On 10 October 2012 01:48, Mark H Weaver <mhw@netris.org> wrote:
>> +      if (!SCM_CHARSETP (char_pred))
>>          {
>> -          last_idx = idx;
>> -          while (idx > 0 && buf[idx-1] != SCM_CHAR(chr))
>> -            idx--;
>> -          if (idx >= 0)
>> -            {
>> -              res = scm_cons (scm_i_substring (str, idx, last_idx), res);
>> -              idx--;
>> -            }
>> +          SCM_ASSERT (scm_is_true (scm_procedure_p (char_pred)),
>> +                      char_pred, SCM_ARG2, FUNC_NAME);
>> +        }
>
> Please drop the unneeded curly braces above.

Are guile's macros safe to always use that way?  In libguile/__scm.h
the SCM_ASSERT definition is conditional on SCM_RECKLESS and appears
unsafe without the block.

In NEWS it is mentioned that SCM_RECKLESS has been “removed
completely” between 0.6 and 0.8, so I wonder if this instance was
missed.  The conditional in __scm.h dates to 1996.

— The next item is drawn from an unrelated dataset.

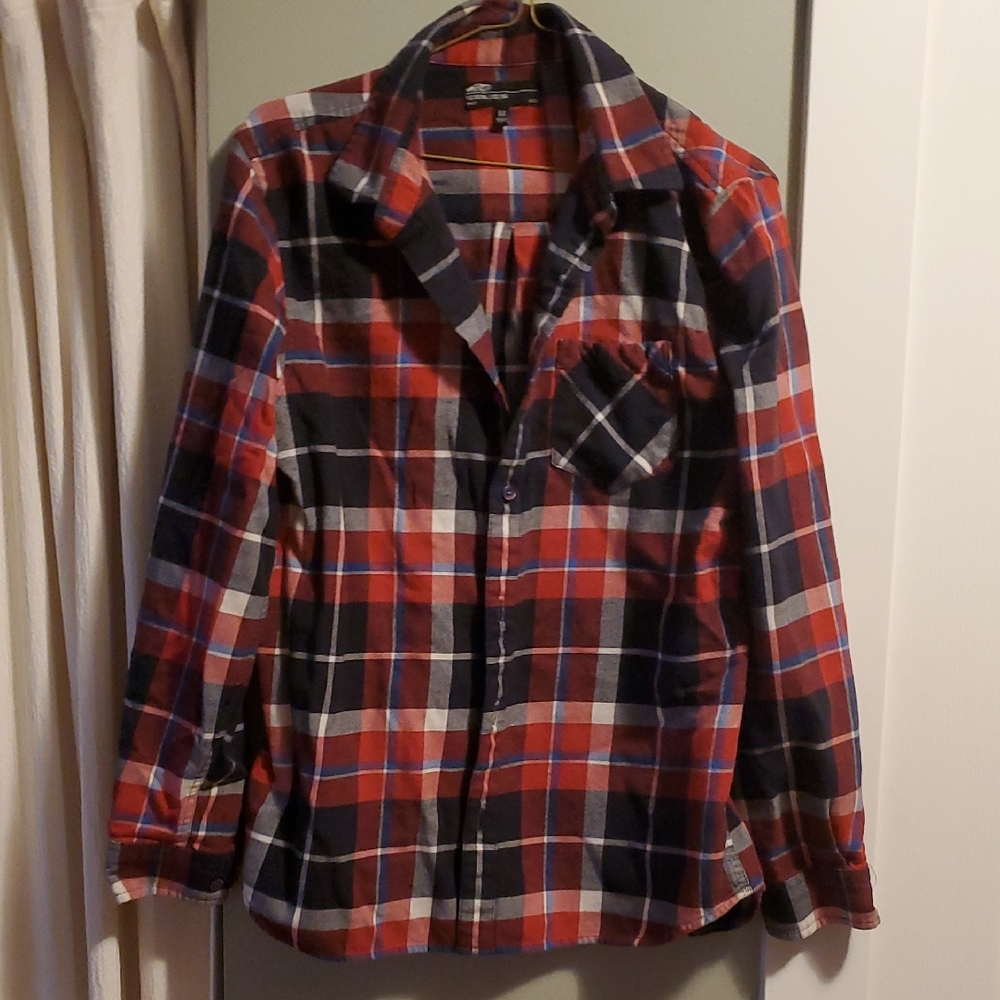 Vans Button Up Shirt
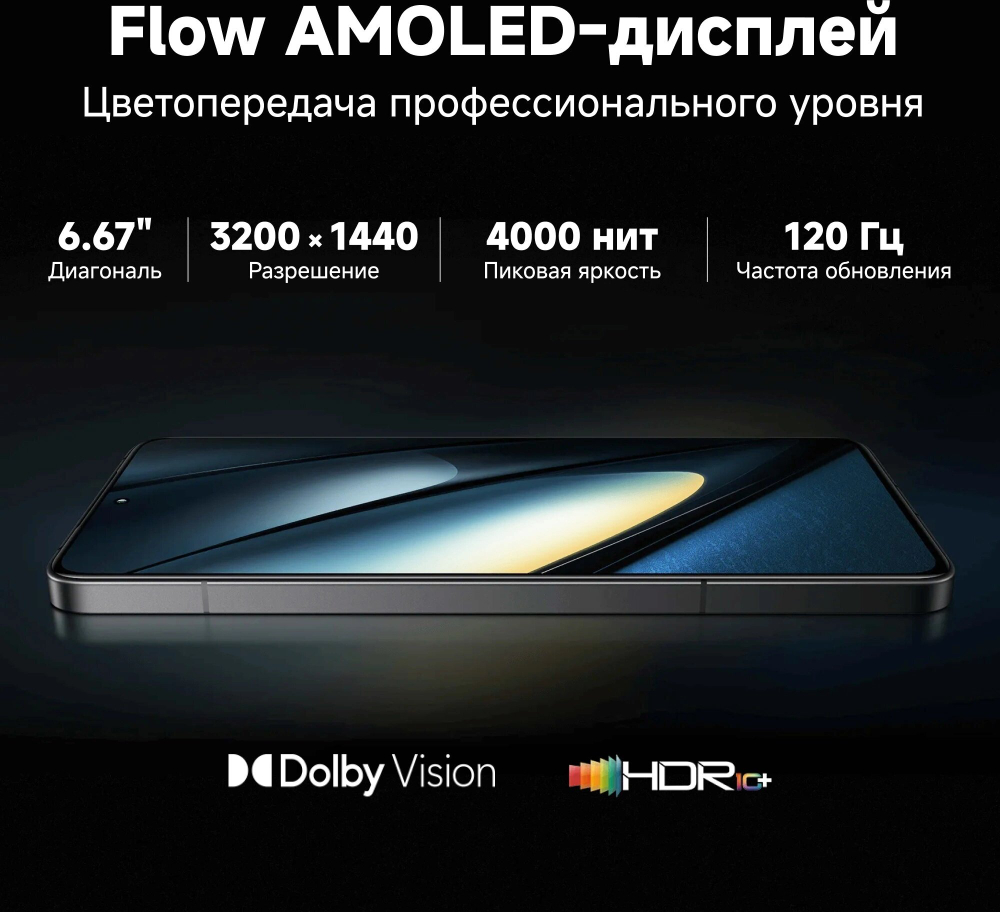 Смартфон Xiaomi Poco F6 Pro 12/512 ГБ Global, Dual nano SIM, белый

In any case, applied your suggestions and reattached; user of
-DSCM_RECKLESS beware.

[-- Attachment #2: 0001-In-string-split-add-support-for-character-sets-and-p.patch --]
[-- Type: application/octet-stream, Size: 8404 bytes --]

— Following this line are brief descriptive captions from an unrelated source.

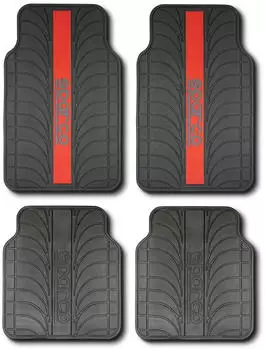 Sparco SPC1913RS Universal-Fu&szlig;matten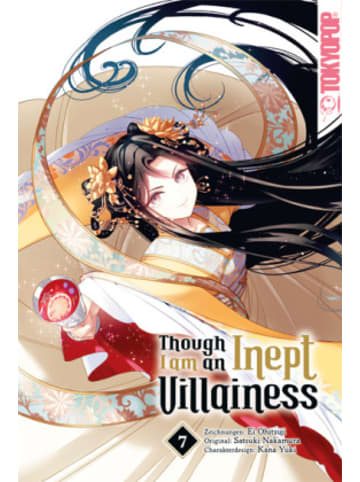 Tokyopop Buch - Though I am an Inept Villainess 07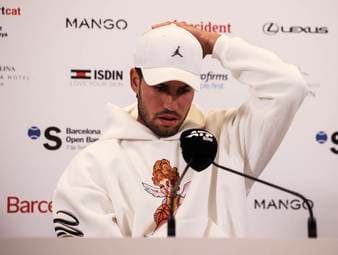 Verletzungs-Schock um Alcaraz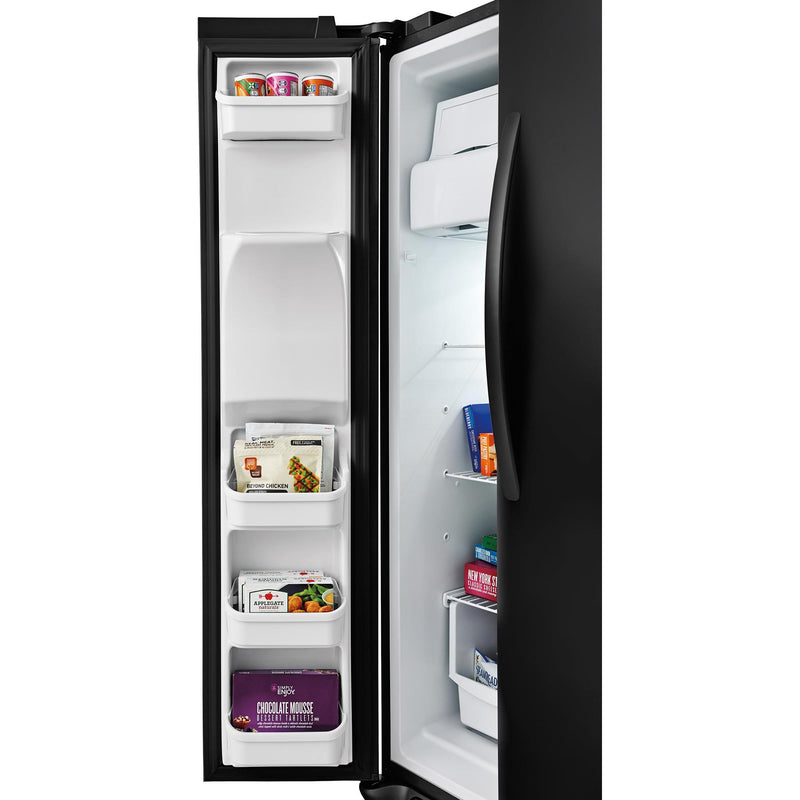 Frigidaire 36-inch, 25.6 cu. ft. Side-By-Side Refrigerator FFSS2615TE IMAGE 5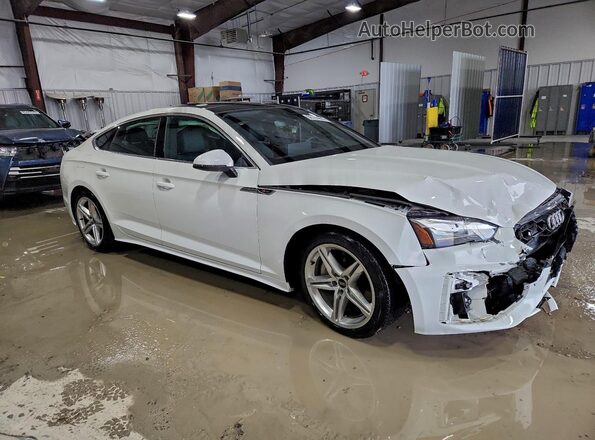 WAUDACF58NA008364 2022 AUDI OTHER White Передня права чверть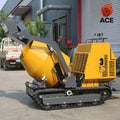 MINI CRAWLER DUMPER - Tracked, Concrete Mixer - Compact Site Work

From 47b8437fa32edae52790851d05e5f40cc709c6a7 Mon Sep 17 00:00:00 2001
From: Daniel Hartwig <mandyke@gmail.com>
Date: Mon, 8 Oct 2012 18:35:00 +0800
Subject: [PATCH] In string-split, add support for character sets and
 predicates.

* libguile/srfi-13.c (string-split): Add support for splitting on
  character sets and predicates, like string-index and others.
* test-suite/tests/strings.test (string-split): Add tests covering
  the new argument types.
---
 libguile/srfi-13.c            |   97 ++++++++++++++++++++++++++++-------------
 libguile/srfi-13.h            |    2 +-
 test-suite/tests/strings.test |   62 ++++++++++++++++++++++++++-
 3 files changed, 129 insertions(+), 32 deletions(-)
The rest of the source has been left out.